小説「ホテルローヤル」著・桜木紫乃 読書感想文
釧路のラブホテルを拠点に綴られていく老若男女の過去と現在を描いた短編集。
地元で人気のスポーツ選手だった同級生の青年にヌード撮影を頼まれる女性の諦観がやるせない「シャッターチャンス」。
やっと家族を手に入れた女性が夫の家業のために複数の男性たちに身を差し出す「本日開店」。
廃業するラブホテルの一人娘が在庫のおもちゃを取りにきた業者に想いを発露する「えっち屋」。
欲しがったものにかかるお金や人間関係に疲弊した女性が急きょ手元に残ったお金で夫をラブホテルに誘う「バブルバス」。
尊敬している上司が長年妻と交際していることを知った傷心の高校教師と親に捨てられた女子高生の当て所ない旅路がゆるゆると進む「せんせぇ」。
周囲の大人や男性に都合のいい女性として利用されてきたラブホテルの掃除婦が抱く情弱さが悲しい「星を見ていた」。
ラブホテル経営へと乗り出す貧しい看板屋と彼に若さという燃料を体を繋げることで焚べ続ける少女の無邪気さが鈍く光る「ギフト」。
桜木紫乃さんの作品を読むのはこれが初めて。
性的なことを書きながらもどこか少女っぽさの残るいい意味で垢抜けない文章でした。
桐野夏生−(迫力×毒)=桜木紫乃という感じでしょうか。
登場する数人が中学を出てそのまま地元で働き、生活が苦しいまま、浮き上がることもない。

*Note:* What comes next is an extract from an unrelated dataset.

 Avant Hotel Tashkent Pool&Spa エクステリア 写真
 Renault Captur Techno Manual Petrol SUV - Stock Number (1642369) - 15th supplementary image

何となく桜木紫乃さんの親世代にあたる人々から影響を受けているのかなと思いました。
私の親戚にも中卒だったり文盲だったりした人がいましたが、だいたいそのくらいの年代でした。みんな亡くなりましたが。
「星を見ていた」の主人公の名前がミコで、他人事とは思えない気持ちで読み進めました。
中卒で働き、縁遠かったものの年下の男と結婚。
3人いる子供は中学を出ると家から去り疎遠に。
やがて夫は体の不調を訴え働かなくなるが、性欲だけは旺盛。
そんなミコに周りは同情をし親切にしてくれます。
みんなが自分に優しいのは「ものを知らなくて」「あまり賢くないから」ということをミコが気づいていないのにはイラッイラしました。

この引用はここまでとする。